::: Data for review :::
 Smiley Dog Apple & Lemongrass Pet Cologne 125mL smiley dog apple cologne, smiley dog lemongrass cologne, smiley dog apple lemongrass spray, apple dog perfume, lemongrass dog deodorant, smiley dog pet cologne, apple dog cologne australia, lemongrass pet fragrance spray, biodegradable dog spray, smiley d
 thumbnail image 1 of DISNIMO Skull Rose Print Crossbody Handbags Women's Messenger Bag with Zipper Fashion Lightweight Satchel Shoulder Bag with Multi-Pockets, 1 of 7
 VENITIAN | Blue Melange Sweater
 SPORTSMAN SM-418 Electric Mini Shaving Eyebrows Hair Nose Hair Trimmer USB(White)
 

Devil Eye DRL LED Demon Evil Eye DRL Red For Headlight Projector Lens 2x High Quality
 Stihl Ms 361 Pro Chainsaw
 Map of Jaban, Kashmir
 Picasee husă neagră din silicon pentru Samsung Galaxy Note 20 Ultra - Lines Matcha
:::
::: Data for review :::
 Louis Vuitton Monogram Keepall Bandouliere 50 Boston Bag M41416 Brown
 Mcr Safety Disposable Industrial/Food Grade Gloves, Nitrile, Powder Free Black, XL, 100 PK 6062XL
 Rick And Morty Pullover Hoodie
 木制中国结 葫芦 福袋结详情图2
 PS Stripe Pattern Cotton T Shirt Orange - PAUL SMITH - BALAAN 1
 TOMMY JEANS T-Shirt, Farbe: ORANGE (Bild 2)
:::
State the number of lines in the records that contain the string "Shirt". Nothing else is needed.

#### [Response]
2